However when the merchant takes the extra step of providing advice, the customer may rely on that advice to be correct. Certainly it is good customer service to provide such advice and not simply tell the customer to find out on their own.
As an alternative example, if you ask at the auto parts store for an air filter for your car and they point you to a specific one, you may rely on that advice to be correct. If they pointed you to the wrong one they would be liable - and in most cases simply exchange it and apologize.
Should the student decide to bring an action against the printer he would most probably prevail as he relied on their expert advice which proved faulty.
The store should either stop offering advice, or provide a refund or exchange in this instance.
Whilst they may have a no refunds policy, in this case the expert advice created a warranty that the packet he was sold was indeed the correct packet.
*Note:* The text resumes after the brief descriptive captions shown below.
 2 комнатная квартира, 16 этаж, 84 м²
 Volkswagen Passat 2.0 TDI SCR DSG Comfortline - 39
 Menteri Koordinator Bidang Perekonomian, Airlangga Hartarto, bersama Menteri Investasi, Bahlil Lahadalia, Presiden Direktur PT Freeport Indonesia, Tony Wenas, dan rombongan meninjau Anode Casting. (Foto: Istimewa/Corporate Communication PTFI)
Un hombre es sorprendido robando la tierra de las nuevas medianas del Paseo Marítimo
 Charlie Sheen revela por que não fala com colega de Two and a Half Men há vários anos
This warranty is enforceable through the Courts.
This is not legal advice if you need legal advice seek appropriate counsel.
@SumedhaBergeron: This seems remarkably libelous. Even if true it offers little to the discussion.
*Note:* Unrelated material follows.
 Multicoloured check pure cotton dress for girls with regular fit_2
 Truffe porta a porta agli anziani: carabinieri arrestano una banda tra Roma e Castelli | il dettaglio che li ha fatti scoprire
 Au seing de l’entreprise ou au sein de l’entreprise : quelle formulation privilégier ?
Sure there are lots of jerks in the world. But does posting this do anything more than expose you to liability?
@ouiserboudreaux: I take classes from professors all the time that don't put their names or contact info on the syllabus (because it's the standard syllabus for that course number, written by the department) and forget to introduce themselves to the class on the first day (and assume they've already done it, every subsequent class.)
I'm five weeks in and I still don't know the name of my calc professor. Jamie something, because he signs his emails "Jamie." Other than that, no idea.
Being out any chunk of money stinks (I should know because I had my bike stolen and had to pay $ 300 just to get my wheels again). With that said, I would've walked away to ascertain who my professor is to prevent something like that from happening. I know time is precious, but rushing on something increases the likelihood of mistakes.
I disagree with your example. The copy shop doesn't know who your professor is. If you can't give the full information they need to locate the correct product, it's not their fault that they gave you the wrong item.
It's like going to an auto parts store saying you want an air filter for a make and model, but not knowing the year, and then blaming the store because it doesn't work with your car.
Maybe when he ordered the packet that wasn't in stock, they had already made the new copy by the time he reappeared to exchange it for the other one.
This is a shady store to begin with. I've heard other stories about this place. Make your own sign about unfair practices and stand outside the store legally and let them see you. Do this on a weekend or when you have time. Spread the word to other students about this store. Pass out small copied fllyers about this stores issues. Call your local attorney general and better business bureau and file a complaint. This store is defrauding its customers.
@ouiserboudreaux: I third this. I'm a professor and I have options about where to send copy packs, if any of my students are being ripped off I want to know about it.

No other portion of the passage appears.